The use of a low-enriched uranium (LEU) fuel target was examined for the feasibility of 99Mo production in a High-flux Advanced Neutron Application Reactor (HANARO). Uncertainty analysis was done with respect to the 99Mo yield ratio, 239Pu yield ratio, annual production rate, and decontamination requirement. Validity of a coupled code system, MCNP/ORIGEN2, was evaluated to estimate reliable isotopic number densities after irradiation and cooling. An equilibrium core model for the MCNP fixed-source problem was found by the reactor design methodology known as WIMS/VENTURE. Optimized target design options were proposed for both the LEU and highly enriched uranium (HEU) targets. Variables related to the target fabrication process and reactor physics condition were considered as uncertainty-inducing parameters.

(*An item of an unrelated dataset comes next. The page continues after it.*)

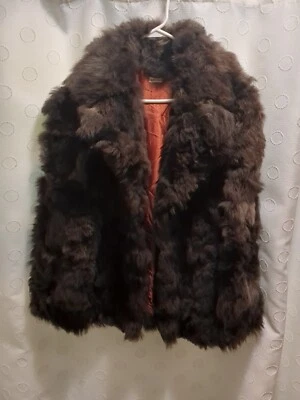 Vintage 1970s 1960s Curly Lamb Fur Jacket Coat Size L Hippie Boho - Image 1 of 4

The most important factor affecting the overall uncertainty of the LEU option was the engineering tolerances achievable in the fabrication process of fuel film. The LEU has twice the uncertainty of HEU under current technology, which makes the economics of LEU worse than HEU. It is acceptable, however, in view of the radioactive purity of the alpha emitter because the uncertainty of the impurity level of 239Pu is expected to be relatively small - only 6.5% with a 95% confidence level.